Please keep to the lines below from the one with "Used 2017 Nissan" through the one with "Ethere hasheege doctor", and restate them word for word, ends included.
Data extracts: Begin
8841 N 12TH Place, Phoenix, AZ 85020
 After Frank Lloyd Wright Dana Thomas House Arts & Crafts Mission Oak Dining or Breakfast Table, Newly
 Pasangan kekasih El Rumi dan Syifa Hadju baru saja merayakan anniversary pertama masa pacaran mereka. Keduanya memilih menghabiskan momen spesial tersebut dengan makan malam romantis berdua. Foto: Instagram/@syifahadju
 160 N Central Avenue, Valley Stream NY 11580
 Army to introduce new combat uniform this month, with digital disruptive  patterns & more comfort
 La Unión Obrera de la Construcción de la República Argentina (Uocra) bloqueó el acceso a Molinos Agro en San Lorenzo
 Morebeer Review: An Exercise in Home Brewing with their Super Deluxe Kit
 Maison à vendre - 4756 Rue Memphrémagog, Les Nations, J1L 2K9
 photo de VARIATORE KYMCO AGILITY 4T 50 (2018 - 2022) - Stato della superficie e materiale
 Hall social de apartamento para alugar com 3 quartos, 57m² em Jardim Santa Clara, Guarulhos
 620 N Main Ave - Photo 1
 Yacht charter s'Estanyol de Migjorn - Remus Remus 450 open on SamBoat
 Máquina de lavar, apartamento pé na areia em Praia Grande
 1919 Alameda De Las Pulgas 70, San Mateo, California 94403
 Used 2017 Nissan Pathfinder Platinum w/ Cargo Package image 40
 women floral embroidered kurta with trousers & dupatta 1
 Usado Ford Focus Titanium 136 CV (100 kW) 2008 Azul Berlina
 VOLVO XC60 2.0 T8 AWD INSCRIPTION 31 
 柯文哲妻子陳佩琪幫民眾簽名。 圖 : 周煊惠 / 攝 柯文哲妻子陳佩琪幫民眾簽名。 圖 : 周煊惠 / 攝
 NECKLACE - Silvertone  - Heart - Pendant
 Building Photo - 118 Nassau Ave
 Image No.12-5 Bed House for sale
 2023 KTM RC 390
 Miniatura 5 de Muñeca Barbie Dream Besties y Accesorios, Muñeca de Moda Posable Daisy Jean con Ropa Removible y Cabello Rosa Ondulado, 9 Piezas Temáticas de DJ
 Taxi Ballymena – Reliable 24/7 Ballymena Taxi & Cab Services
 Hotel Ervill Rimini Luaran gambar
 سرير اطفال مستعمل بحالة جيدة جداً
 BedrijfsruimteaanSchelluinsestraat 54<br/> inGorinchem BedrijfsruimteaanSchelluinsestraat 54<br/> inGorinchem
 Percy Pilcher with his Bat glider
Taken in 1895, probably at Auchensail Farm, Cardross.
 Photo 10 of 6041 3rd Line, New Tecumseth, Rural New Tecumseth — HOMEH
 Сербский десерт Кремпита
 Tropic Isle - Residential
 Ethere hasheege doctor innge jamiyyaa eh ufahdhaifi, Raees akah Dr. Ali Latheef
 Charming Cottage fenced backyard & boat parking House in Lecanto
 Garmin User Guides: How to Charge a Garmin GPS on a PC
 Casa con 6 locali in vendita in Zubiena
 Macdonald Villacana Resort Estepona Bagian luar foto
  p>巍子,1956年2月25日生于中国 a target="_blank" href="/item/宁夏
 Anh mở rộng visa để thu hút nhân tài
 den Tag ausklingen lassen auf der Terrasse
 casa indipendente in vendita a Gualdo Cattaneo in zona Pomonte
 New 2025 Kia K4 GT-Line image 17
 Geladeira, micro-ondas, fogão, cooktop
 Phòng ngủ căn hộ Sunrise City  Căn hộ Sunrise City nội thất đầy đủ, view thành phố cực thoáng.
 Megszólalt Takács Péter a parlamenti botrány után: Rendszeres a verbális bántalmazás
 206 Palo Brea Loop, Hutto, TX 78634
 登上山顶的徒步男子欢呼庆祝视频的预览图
Data extracts: End
§ **Answer to this problem**
 Used 2017 Nissan Pathfinder Platinum w/ Cargo Package image 40
 women floral embroidered kurta with trousers & dupatta 1
 Usado Ford Focus Titanium 136 CV (100 kW) 2008 Azul Berlina
 VOLVO XC60 2.0 T8 AWD INSCRIPTION 31 
 柯文哲妻子陳佩琪幫民眾簽名。 圖 : 周煊惠 / 攝 柯文哲妻子陳佩琪幫民眾簽名。 圖 : 周煊惠 / 攝
 NECKLACE - Silvertone  - Heart - Pendant
 Building Photo - 118 Nassau Ave
 Image No.12-5 Bed House for sale
 2023 KTM RC 390
 Miniatura 5 de Muñeca Barbie Dream Besties y Accesorios, Muñeca de Moda Posable Daisy Jean con Ropa Removible y Cabello Rosa Ondulado, 9 Piezas Temáticas de DJ
 Taxi Ballymena – Reliable 24/7 Ballymena Taxi & Cab Services
 Hotel Ervill Rimini Luaran gambar
 سرير اطفال مستعمل بحالة جيدة جداً
 BedrijfsruimteaanSchelluinsestraat 54<br/> inGorinchem BedrijfsruimteaanSchelluinsestraat 54<br/> inGorinchem
 Percy Pilcher with his Bat glider
Taken in 1895, probably at Auchensail Farm, Cardross.
 Photo 10 of 6041 3rd Line, New Tecumseth, Rural New Tecumseth — HOMEH
 Сербский десерт Кремпита
 Tropic Isle - Residential
 Ethere hasheege doctor innge jamiyyaa eh ufahdhaifi, Raees akah Dr. Ali Latheef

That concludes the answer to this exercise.